▶ **Work to complete**: Only the stretch of the listing below that runs from the line with "Vsrn Alev Dünya" through the line with "Uniformă Kickboxing „Star" is to be printed, exactly and with both ends.

● ● ●

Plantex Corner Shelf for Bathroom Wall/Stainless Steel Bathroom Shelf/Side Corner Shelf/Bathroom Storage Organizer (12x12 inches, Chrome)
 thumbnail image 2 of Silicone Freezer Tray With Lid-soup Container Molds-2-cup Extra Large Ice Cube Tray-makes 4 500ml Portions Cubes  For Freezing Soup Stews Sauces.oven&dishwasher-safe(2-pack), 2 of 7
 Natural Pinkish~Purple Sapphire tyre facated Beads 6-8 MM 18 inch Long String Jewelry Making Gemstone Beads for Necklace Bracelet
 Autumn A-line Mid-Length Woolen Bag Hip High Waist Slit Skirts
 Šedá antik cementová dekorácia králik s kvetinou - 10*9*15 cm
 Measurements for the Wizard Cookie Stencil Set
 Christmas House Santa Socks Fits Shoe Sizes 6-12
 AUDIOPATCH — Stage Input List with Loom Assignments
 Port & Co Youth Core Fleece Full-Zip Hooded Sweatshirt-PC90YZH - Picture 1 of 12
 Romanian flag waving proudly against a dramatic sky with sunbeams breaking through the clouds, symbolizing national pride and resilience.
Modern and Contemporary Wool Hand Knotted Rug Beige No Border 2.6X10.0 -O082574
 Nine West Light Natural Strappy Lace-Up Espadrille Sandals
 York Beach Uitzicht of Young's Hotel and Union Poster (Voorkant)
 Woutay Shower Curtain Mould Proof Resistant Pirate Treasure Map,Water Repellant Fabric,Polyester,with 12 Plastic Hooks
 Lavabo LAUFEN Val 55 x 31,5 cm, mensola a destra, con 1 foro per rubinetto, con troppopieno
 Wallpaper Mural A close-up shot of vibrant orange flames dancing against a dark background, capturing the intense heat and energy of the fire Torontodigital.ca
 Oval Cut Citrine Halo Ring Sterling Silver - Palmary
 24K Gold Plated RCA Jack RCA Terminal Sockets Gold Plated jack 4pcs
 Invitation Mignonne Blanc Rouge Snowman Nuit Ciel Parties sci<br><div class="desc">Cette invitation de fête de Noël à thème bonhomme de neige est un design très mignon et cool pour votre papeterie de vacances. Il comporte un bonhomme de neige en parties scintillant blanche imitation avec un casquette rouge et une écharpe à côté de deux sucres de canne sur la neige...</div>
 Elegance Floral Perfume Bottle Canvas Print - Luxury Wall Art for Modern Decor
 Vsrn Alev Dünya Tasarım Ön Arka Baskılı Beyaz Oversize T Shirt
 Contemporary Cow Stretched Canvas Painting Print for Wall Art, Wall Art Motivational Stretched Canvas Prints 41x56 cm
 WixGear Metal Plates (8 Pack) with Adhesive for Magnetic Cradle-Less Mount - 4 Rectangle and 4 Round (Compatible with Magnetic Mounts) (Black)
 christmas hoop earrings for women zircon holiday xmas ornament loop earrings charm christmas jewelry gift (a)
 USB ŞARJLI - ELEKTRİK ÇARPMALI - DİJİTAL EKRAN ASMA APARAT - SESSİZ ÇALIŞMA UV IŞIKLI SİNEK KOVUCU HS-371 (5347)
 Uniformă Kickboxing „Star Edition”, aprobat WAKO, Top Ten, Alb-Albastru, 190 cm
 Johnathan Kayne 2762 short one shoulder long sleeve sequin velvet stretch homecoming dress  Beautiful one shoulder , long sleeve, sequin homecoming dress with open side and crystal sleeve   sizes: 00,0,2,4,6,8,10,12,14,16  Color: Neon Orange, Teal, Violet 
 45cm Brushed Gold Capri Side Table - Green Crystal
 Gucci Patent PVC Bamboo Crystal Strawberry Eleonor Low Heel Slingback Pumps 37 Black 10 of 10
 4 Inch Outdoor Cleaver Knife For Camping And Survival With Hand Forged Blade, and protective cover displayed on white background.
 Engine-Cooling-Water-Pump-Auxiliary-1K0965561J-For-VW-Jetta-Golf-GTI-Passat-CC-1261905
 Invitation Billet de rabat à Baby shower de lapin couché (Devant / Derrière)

● ● ●

▶ **Answer section**:
 Vsrn Alev Dünya Tasarım Ön Arka Baskılı Beyaz Oversize T Shirt
 Contemporary Cow Stretched Canvas Painting Print for Wall Art, Wall Art Motivational Stretched Canvas Prints 41x56 cm
 WixGear Metal Plates (8 Pack) with Adhesive for Magnetic Cradle-Less Mount - 4 Rectangle and 4 Round (Compatible with Magnetic Mounts) (Black)
 christmas hoop earrings for women zircon holiday xmas ornament loop earrings charm christmas jewelry gift (a)
 USB ŞARJLI - ELEKTRİK ÇARPMALI - DİJİTAL EKRAN ASMA APARAT - SESSİZ ÇALIŞMA UV IŞIKLI SİNEK KOVUCU HS-371 (5347)
 Uniformă Kickboxing „Star Edition”, aprobat WAKO, Top Ten, Alb-Albastru, 190 cm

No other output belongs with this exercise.